What are the physical health benefits of running in the forest?

It doesn’t matter where or how you run, your body will reap the same benefits, right? Wrong! Running outdoors will make your body work harder and help you to get in better shape more quickly compared to the monotamy of treadmill running.

Mixed terrain

Uneven ground surfaces like flat-packed paths and roads make your body work harder as it has to respond to the unknown. This means you have to be more agile and balanced – leaping over that big puddle or dodging that log!

Varying inclines

Hills! We all know there’s no better feeling than making it to the top (because it means you can come back down!). The forest has many natural inclines, some so slight that you won’t even notice. Studies have found that people flex their ankles more when running outside, especially when running down hills, something that’s difficult to replicate on a treadmill.

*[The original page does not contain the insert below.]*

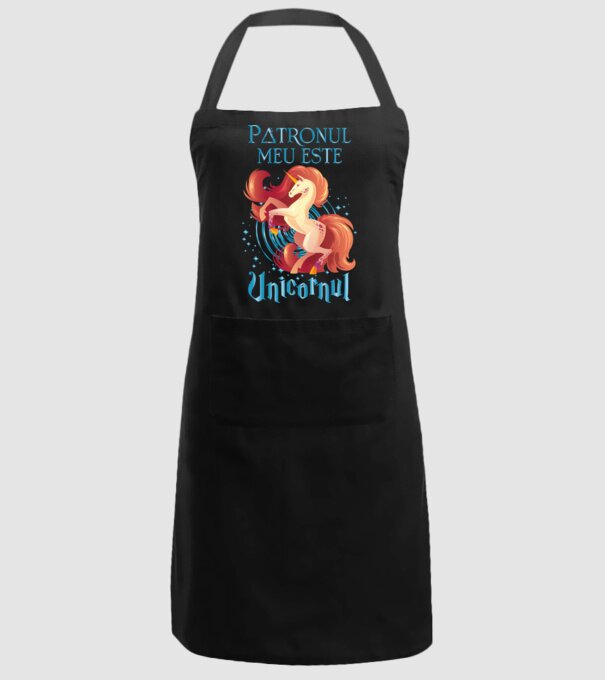 Patronul meu este UNICORNUL model negru pe tricou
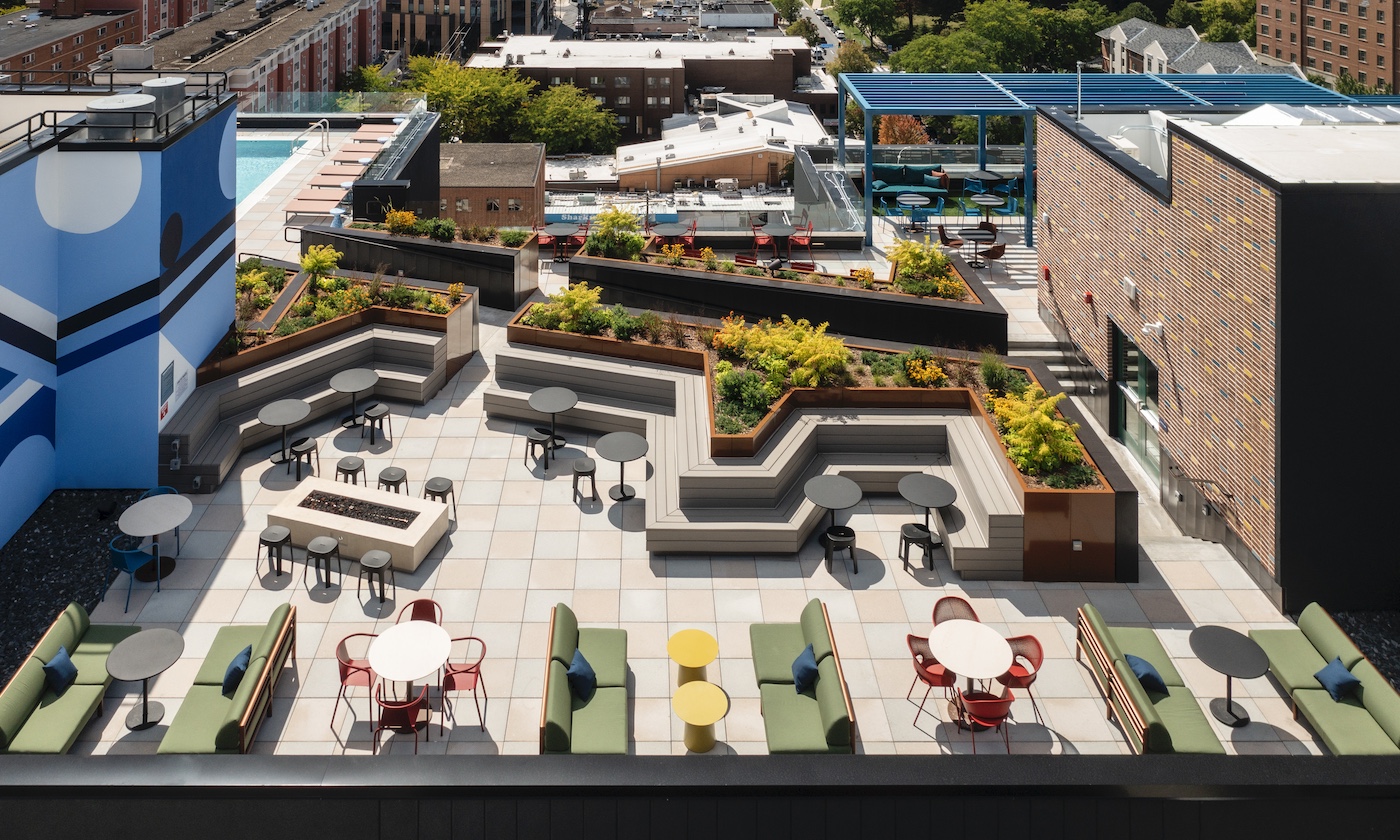 aerial view of the outdoor courtyard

This works the muscles in a different way and is great for increasing your endurance.

Incline exercise:

When you reach a hill, find a fallen leaf or twig and place it on the floor as a marker at a chosen point somewhere on the incline. Starting at the bottom of the hill, see how many times you can sprint up to your marker and back down again.

Wind resistance

Again, you may not even notice it (unless you’re out running in a gale – which we don’t recommend!) but when running outdoors, you’re often battling against some degree of wind drag, which results in much greater energy demands and more calories burnt.

Pacing

It’s easy to set your workout up on a treadmill and zone out. However, this teaches you nothing about finding and maintaining your pace – which is very important for runners working towards a distance goal. In the forest you can stop, start and set your own intervals by using the trees as markers. You’re in complete control and can discover what works best for you.

Pacing exercise:

Try some interval training. Using the trees as markers, run for 20 trees, then walk for 10 trees. Pick up the pace for higher intensity training. Sprint for 10 trees and walk for 20 trees to get that heart rate pumping.

Top technique tip

Being aware of how your body is responding to exercise is really important. If you start to feel any pain or discomfort, stop training immediately and book an appointment with a physiotherapist. For mild pain and discomfort (and complete relaxation!) try a sports massage.